Process serving companies can be divided into two groups – those that are embracing the new technology and those that fight it.  Those that embrace it have deployed smart phone and web browser technology to create a complete and instantaneous electronic circle between the process servers in the field, the process serving company and the law firm.  This allows for some amazing innovations:

-Real-time transparent information shared with law firm clients via password-protected web-based portals (rather than secret information only known to the process serving company).

-GPS-verified, time/date stamped smart phone photos of every service attempt evidencing the service location at time of service (rather than having no independent evidence).

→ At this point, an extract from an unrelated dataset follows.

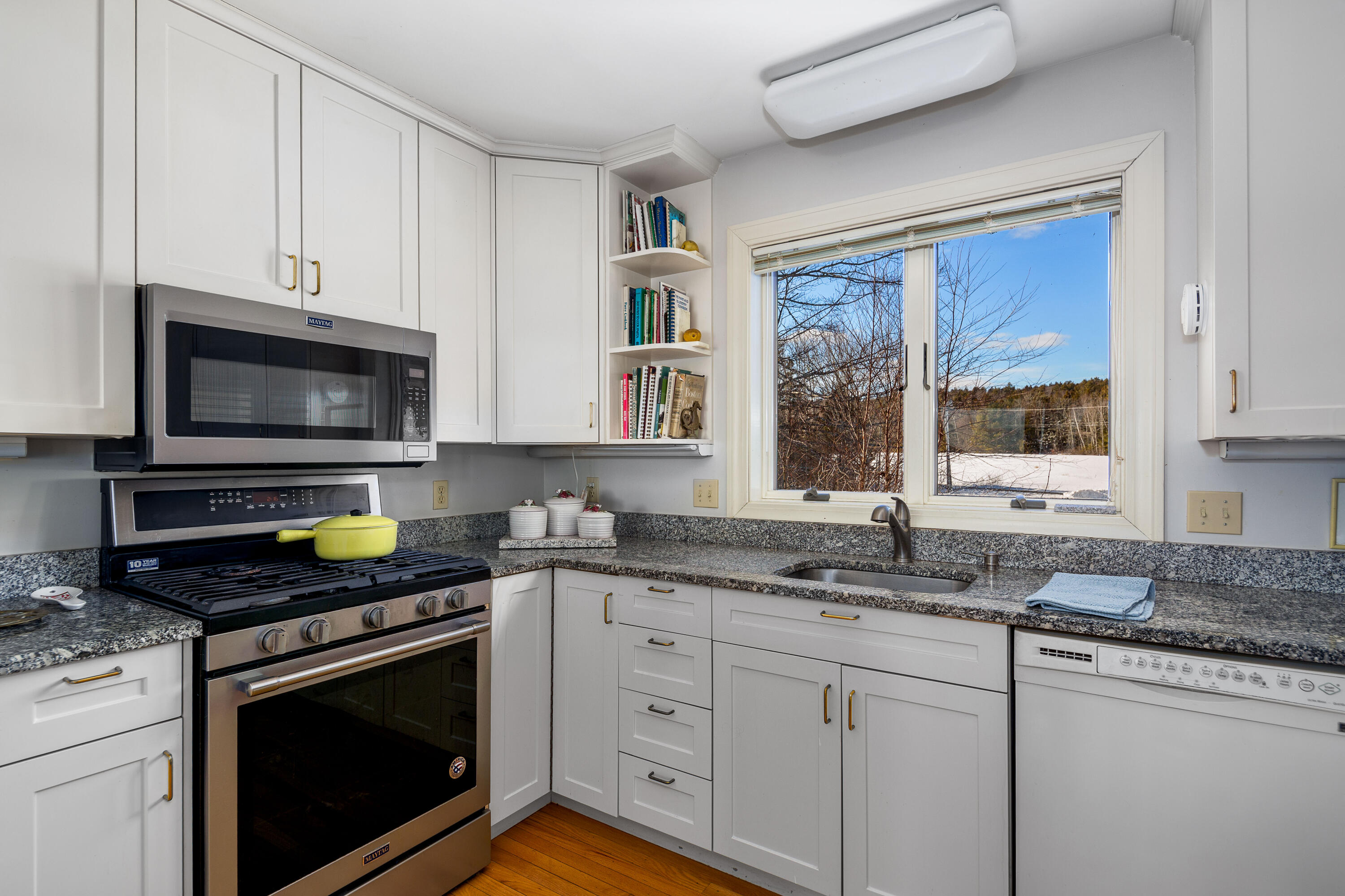 Kitchen with white cabinets, granite counters, stainless appliances, and a window overlooking snowy woods.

-Feasibility scoring of the time between each service attempt to identify unrealistic over-performance and cross-checking that all server attempts are within legal days and hours (rather than running the risk of unfeasible potentially “sewer service” routes or illegal hours for service).

-Increased good service percentages by mandating the best practices of the top field servers such as casting a wide net with morning, afternoon, evening and weekend attempts (rather than going to the same place on the same day and time).

-Daily electronic updates sent to law firm offices eliminating the need for manual data entry of court date and service information — saves time, money and reduces errors.

-All good serves entered into smart phones apps by process servers immediately relayed to the law firm by the process server’s mainframe (rather than finding out sometimes days later that a defendant has been served).

-Beyond all of these innovations, the new technology has very positive compliance implications, but that is for my next blog posting.

We started off with the horse and ended with some of the amazing developments in new process serving technology.  What does a horse have to do with process serving?